■ **WHAT YOU NEED TO DO**
Copy task, pictures excluded: set down exactly the lines from the one containing "ducki t shirt product image (14)" to the end of the data below.

■ **DATA SHOWN**
--------------------------------

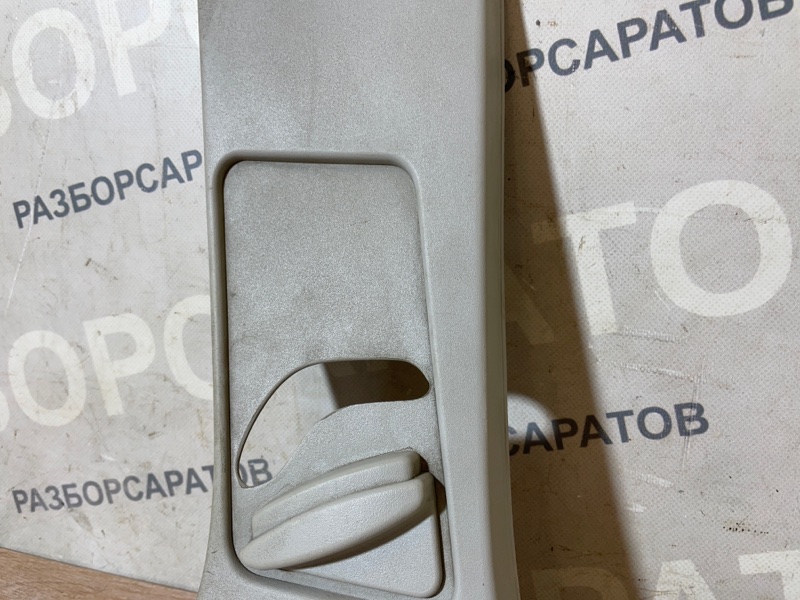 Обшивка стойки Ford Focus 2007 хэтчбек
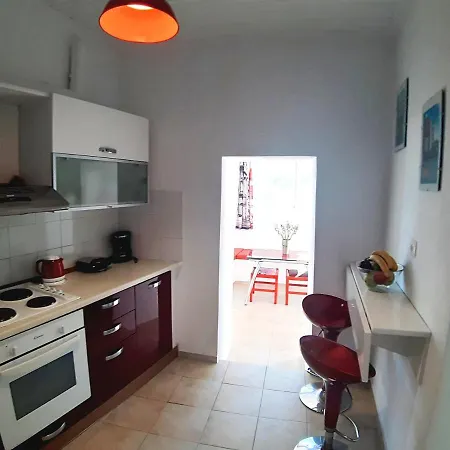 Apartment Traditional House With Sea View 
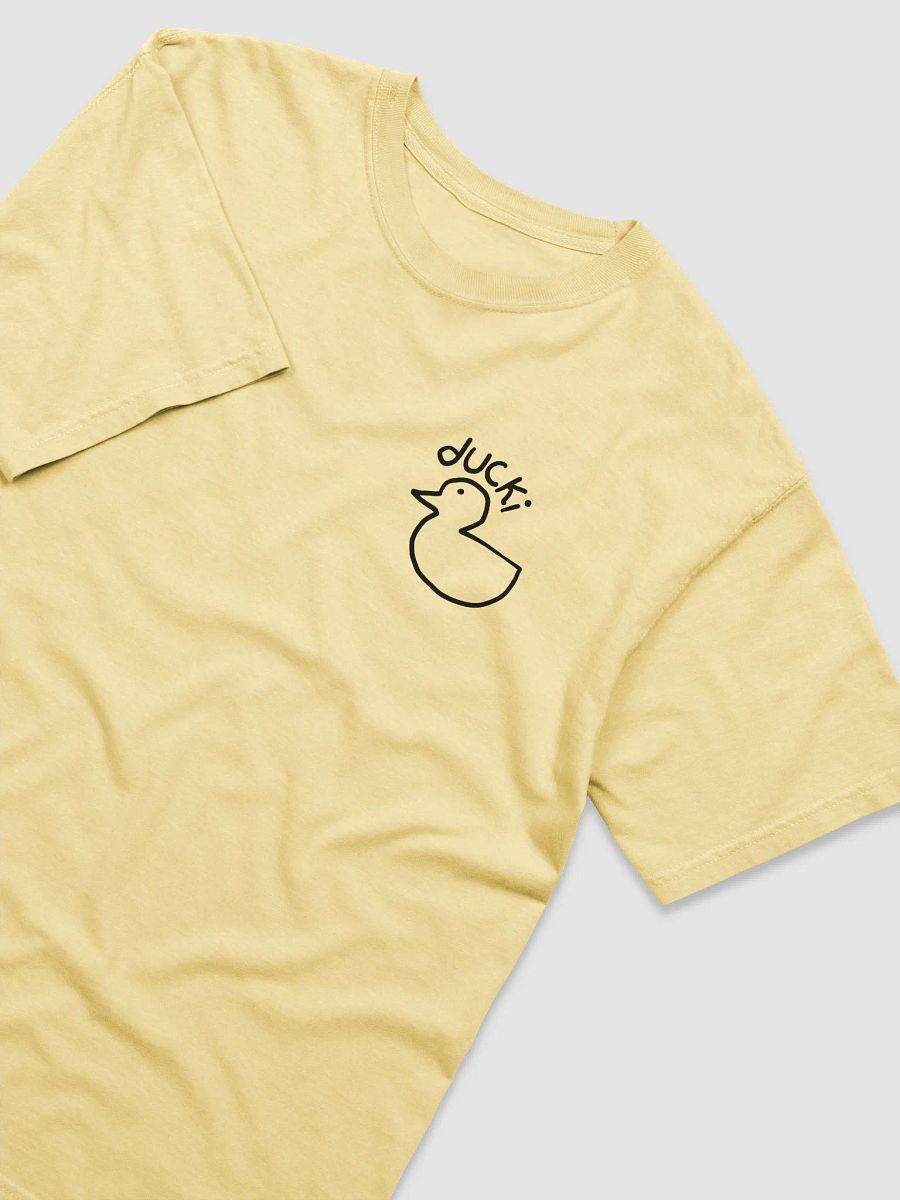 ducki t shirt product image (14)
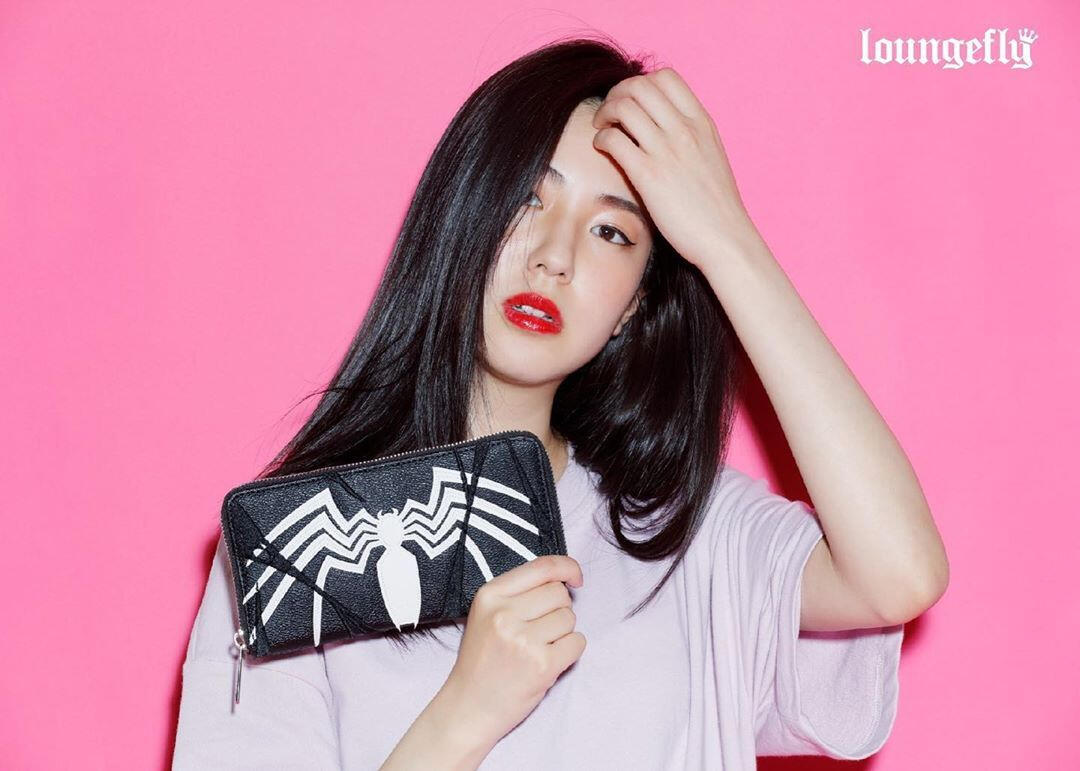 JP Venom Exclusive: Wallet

--------------------------------

■ **ANSWER SPACE**
 ducki t shirt product image (14)
 JP Venom Exclusive: Wallet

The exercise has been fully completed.